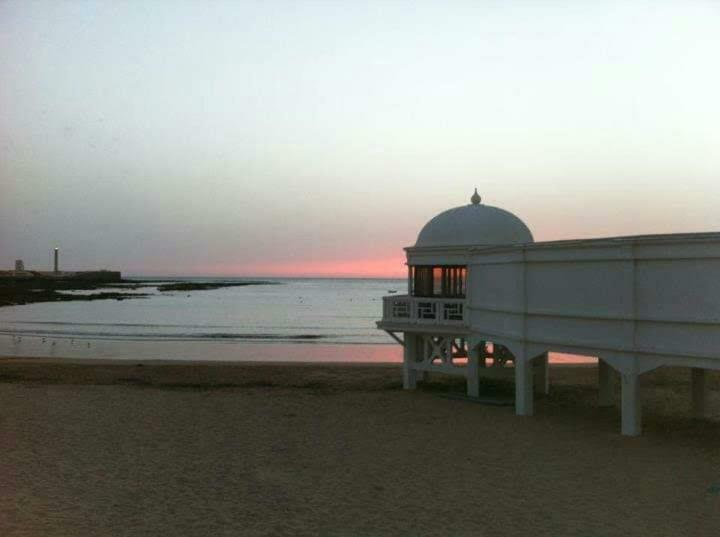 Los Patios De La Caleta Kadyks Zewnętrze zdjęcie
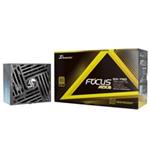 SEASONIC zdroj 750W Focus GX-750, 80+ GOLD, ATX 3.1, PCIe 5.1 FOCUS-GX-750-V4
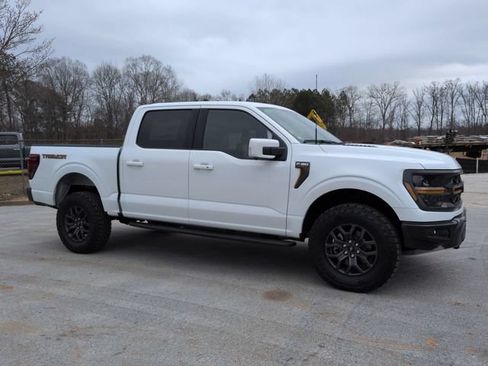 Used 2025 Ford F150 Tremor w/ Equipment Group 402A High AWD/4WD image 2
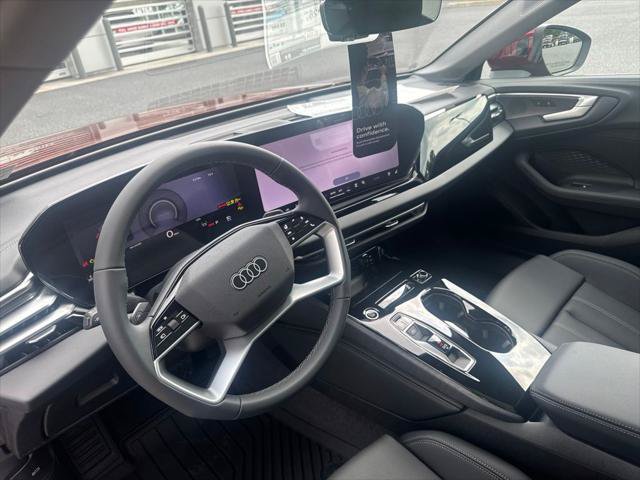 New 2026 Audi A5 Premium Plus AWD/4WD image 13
--
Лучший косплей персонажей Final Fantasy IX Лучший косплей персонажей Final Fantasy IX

> [Task directions]: Look through the material above. Transcribe exactly the lines between the ones with "Used 2025 Ford" and "New 2026 Audi", inclusive, and keep pictures out.

> [Response to the exercise]:
 Used 2025 Ford F150 Tremor w/ Equipment Group 402A High AWD/4WD image 2
 New 2026 Audi A5 Premium Plus AWD/4WD image 13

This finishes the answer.